German-born American art historian

Adolf Katzenellenbogen (born August 19, 1901, in Frankfurt am Main; died September 30, 1964, in Baltimore) was a German-American art historian.

== Early life and education ==
Adolf Edmund Max Katzenellenbogen was the son of bank director Albert Katzenellenbogen (1863–1942) and Cornelia Josephine Doctor (1870–1941). He had two sisters. His father was murdered in the Maly Trostinez extermination camp. He attended the humanistic Goethe-Gymnasium in Frankfurt and studied law at the University of Giessen from 1920, where he received his doctorate in 1924. From 1926 to 1929 and from 1930 to 1933, he studied art history and philosophy in Leipzig and Hamburg and was awarded his doctorate in Hamburg in 1933 with a dissertation on Psychomachia under Erwin Panofsky. He married the Swiss piano teacher Elisabeth Holzheu (1904–1983) in 1935 and the couple had two children, including John Katzenellenbogen, later a chemistry professor at Illinois.

== Nazi era ==
When the Nazis came to power in Germany in 1933, the Katzenellenbogen family was persecuted because Jewish. Katenellenbogen's father was deported and murdered. Their property was Aryanized in 1940. Katzenellenbogen was forced out of his profession. During the antisemitic Nazi Kristallnacht pogroms in November 1938, he was imprisoned for three weeks in Dachau concentration camp.
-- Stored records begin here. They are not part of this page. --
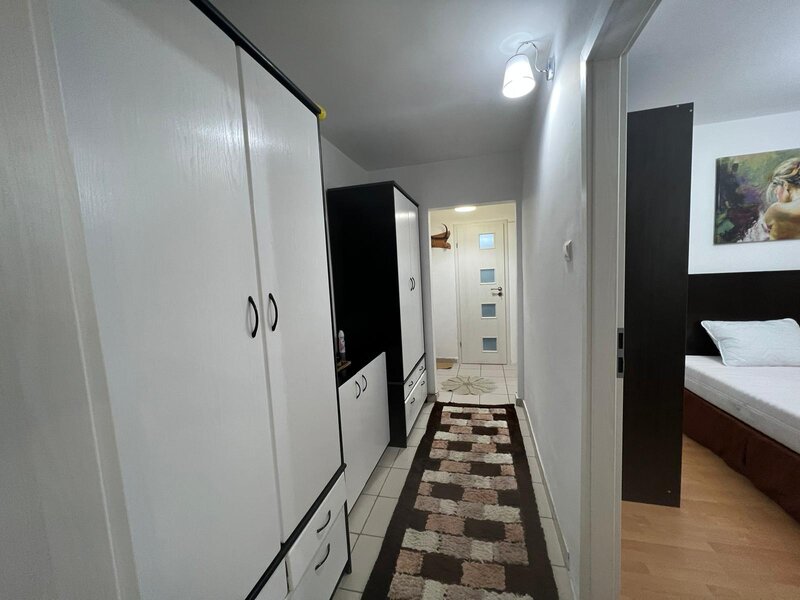 Drumul Taberei, metrou, apartament 2 camere, bloc reabilitat termic.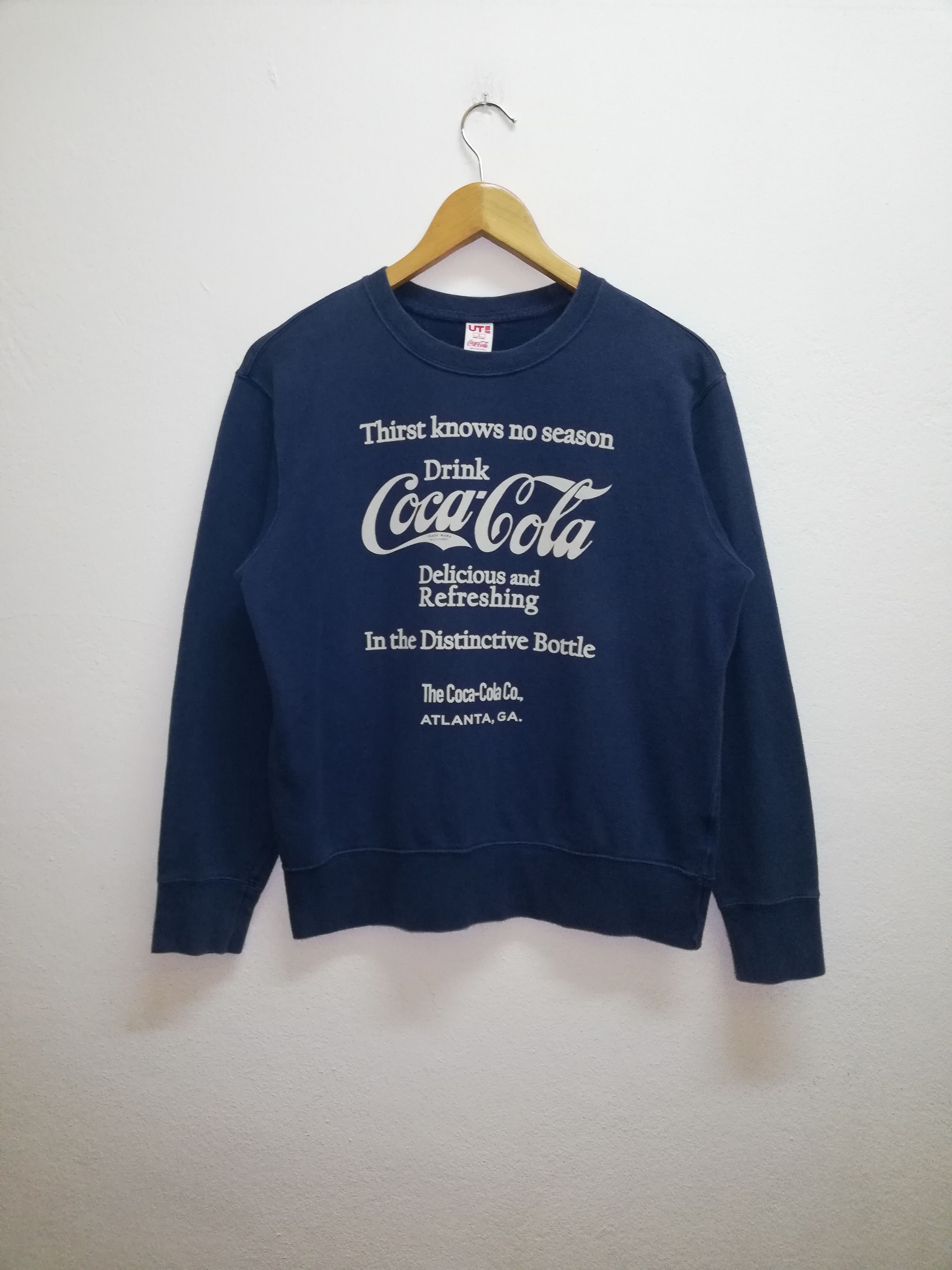 Coca Cola Vintage🔥 Cola Cola Hoodie by Uniqlo (c33) Size US S / EU 44-46 / 1 - 1 Thumbnail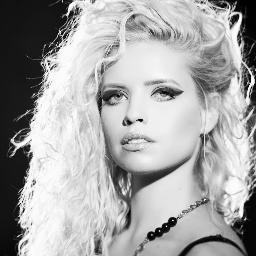 Alexandra SHINE is a beautiful,graceful young lady/SINGER of Russian origin.  ALEXANDRA SHINE
bookingalexandrashine@gmail.com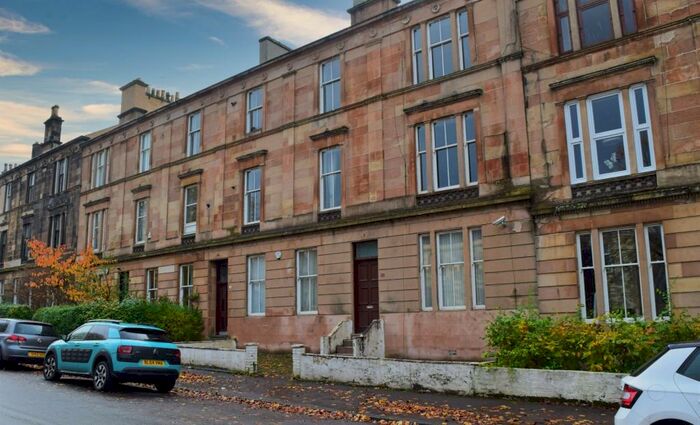 3 Bedroom Flat To Rent In Queen Mary Avenue, Flat /, Queens Park, Glasgow, G42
Released, he fled to Switzerland and from there to the USA via England.

Erwin Panofsky and Walter S. Cook (Walter William Spencer Cook; 1888–1962) from New York University helped him find a job, and Katzenellenbogen became Visiting Lecturer at Vassar College in Poughkeepsie in 1940, Assistant Professor in 1943, Associate Professor in 1947 and Professor in 1953. He was granted US citizenship in 1946. In 1956 he became visiting professor at Smith College and from 1958 he held a professorship at Johns Hopkins University in Baltimore. There he developed the art history course into one of the leading courses in the USA. Gary Schwartz, who later specialized in Rembrandt, was one of his students. The University of Freiburg im Breisgau invited Katzenellenbogen to become a visiting professor in 1963.

== Selected works ==

- Die Psychomachie in der Kunst des Mittelalters von den Anfängen bis zum 13. Jahrhundert. Hamburg, 1933 Hamburg, Phil. Diss., ms.
- Allegories of the virtues and vices in mediaeval art : from early Christian times to the thirteenth century. Übersetzung Alan J. P. Crick. London 1939; Norton, New York 1964.
- The Central Tympanum at Vézelay: Its Encyclopedic Meaning and Its Relation to the First Crusade. In: Art Bulletin, 1944, S. 141–151.
- The sculptural programs of Chartres cathedral : Christ, Mary, Ecclesia. Johns Hopkins Press, Baltimore 1959. ISBN 978-0-608-11470-5.

== Literature ==

- Katzenellenbogen, Adolf. In: Ulrike Wendland: Biographisches Handbuch deutschsprachiger Kunsthistoriker im Exil. Leben und Werk der unter dem Nationalsozialismus verfolgten und vertriebenen Wissenschaftler. Saur, München 1999, ISBN 3-598-11339-0, S. 357–359.
- Katzenellenbogen, Adolf. In: Werner Röder, Herbert A. Strauss (Hrsg.): International Biographical Dictionary of Central European Emigrés 1933–1945. Band 2,1. Saur, München 1983, ISBN 3-598-10089-2, S. 603.